All 50 U.S. states have laws against the abuse of animals, the appeals court said, but “a depiction of animal cruelty” is protected by the First Amendment.

The ruling overturns a Virginia man’s conviction, the nation’s first under the law. Robert J. Stevens of Pittsville, Va., advertised and sold two videos of pit bulls fighting each other and a third showing the pit bulls attacking hogs and wild boars.

He sold the videos to prosecutors in Pittsburgh, was prosecuted, convicted and given three years in prison.

In Friday’s decision, the appeals court in Philadelphia, by a 10-3 vote, said it was not prepared to recognize a new category of speech that is unprotected by the First Amendment.

Acts of cruelty to animals “warrant strong legal sanctions,” the appeals court said, but it ruled unconstitutional the effort to criminalize for-profit depictions of animal cruelty.

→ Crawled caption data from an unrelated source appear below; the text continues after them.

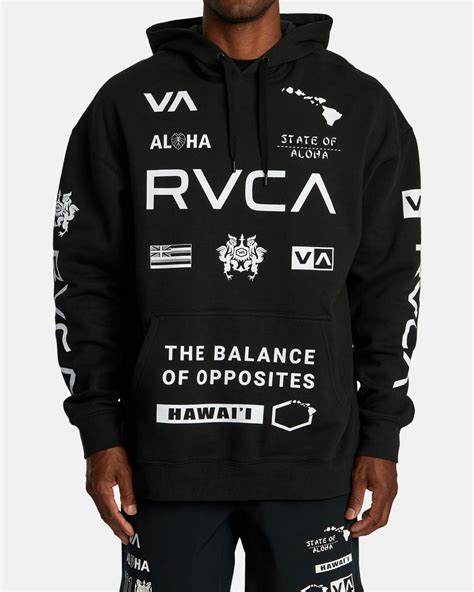 RVCA: A Brand Rooted in Authenticity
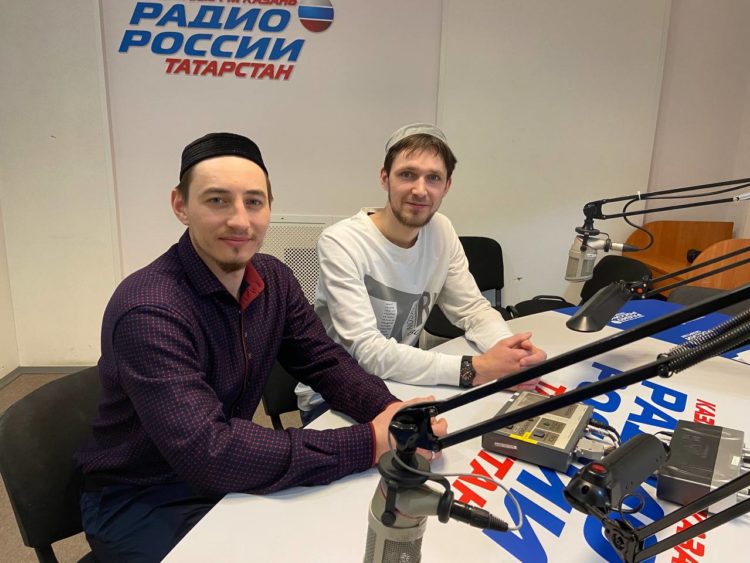 Иртәнге нур (18.03.22) 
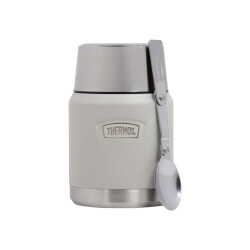 Thermos Icon Serisi Yemek Termosu 0,47Lt Sandstone - 2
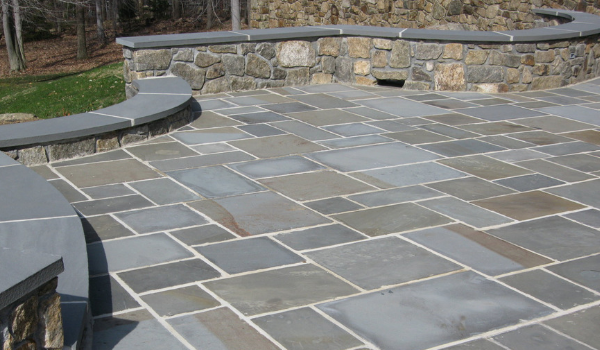 Patio Sealing And Cleaning 101 Haynes - Types Of Stones For Patios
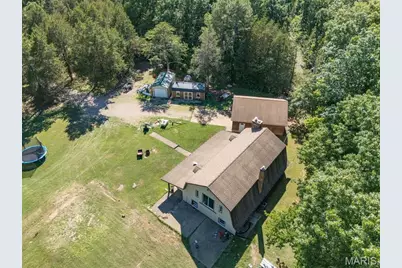 7920 Marvin Chapel Road, Bonne Terre, MO 63628 - Photo 17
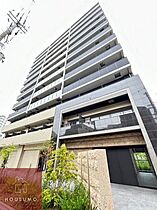 ライジングメゾン新大阪サウス 706 ｜ 大阪府大阪市淀川区木川東2丁目（賃貸マンション1K・7階・23.20㎡） その23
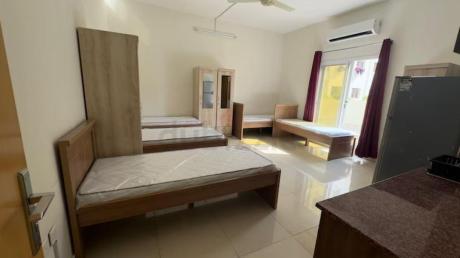 Indian Executive Male Bedspace near Burjuman Exit 2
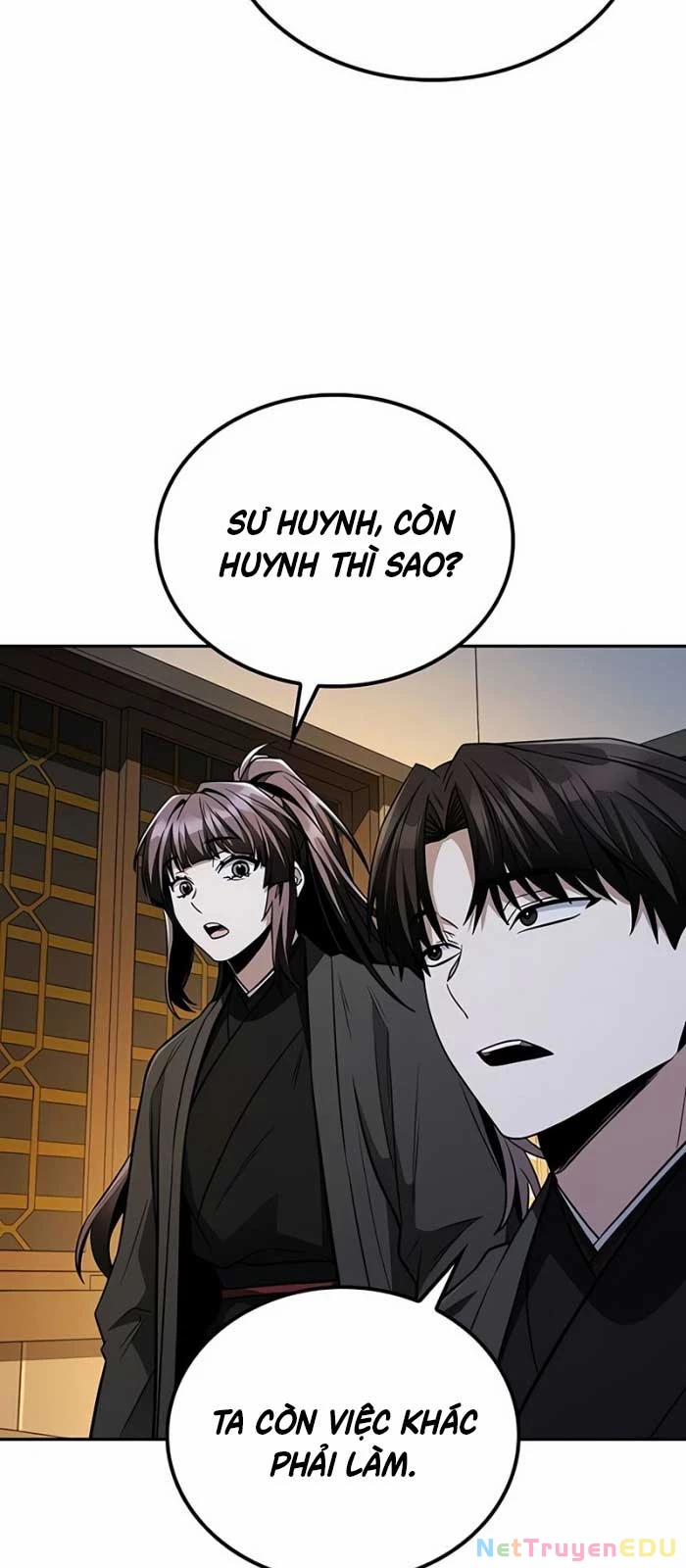 Quỷ Kiếm Thiên Tài Của Hoa Sơn Phái 13 trang 57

Congress passed the law in 1999 in hopes of stamping out the trade in animal-cruelty videos. Because the videos rarely showed persons who could be identified, state prosecutors often could not prove where the videos were made.

The law also was designed to stop so-called “crush videos.” According to a congressional report cited by the court, these were said to be “depictions of women inflicting torture (on animals) with their bare feet or while wearing high-heeled shoes. The cries and squeals of the animals, obviously in great pain, can also be heard in the videos.”

The law itself spoke broadly. It called for up to five years in prison for anyone who “creates, sells or possesses a depiction of animal cruelty” for the purpose of making money. This includes the showing of a “living animal” being “maimed, mutilated, tortured, wounded or killed.”

Usually, videos and photographs are protected as free speech, even if they show illegal or abhorrent conduct. But in 1982, the Supreme Court made an exception for child pornography. It ruled that sexual depictions of children could be prosecuted as a crime, despite the First Amendment. This was the only way to stamp out such abuse of children, the high court said.

Government lawyers said the animal-cruelty law should be upheld on the same basis. It was needed to stop the abuse of animals for profit, they said.

The appeals court disagreed, however. “Preventing cruelty to animals, although an exceedingly worthy goal, simply does not implicate interests of the same magnitude as protecting children from physical and psychological harm,” wrote Judge Brooks Smith of the 3rd U.S. Circuit Court of Appeals.

The three dissenters said the law should have been upheld so as to help in “protecting animals from wanton acts of cruelty.”

The Justice Department had no reaction Friday to the ruling. Normally, however, the government appeals to the Supreme Court when a federal law is struck down as unconstitutional.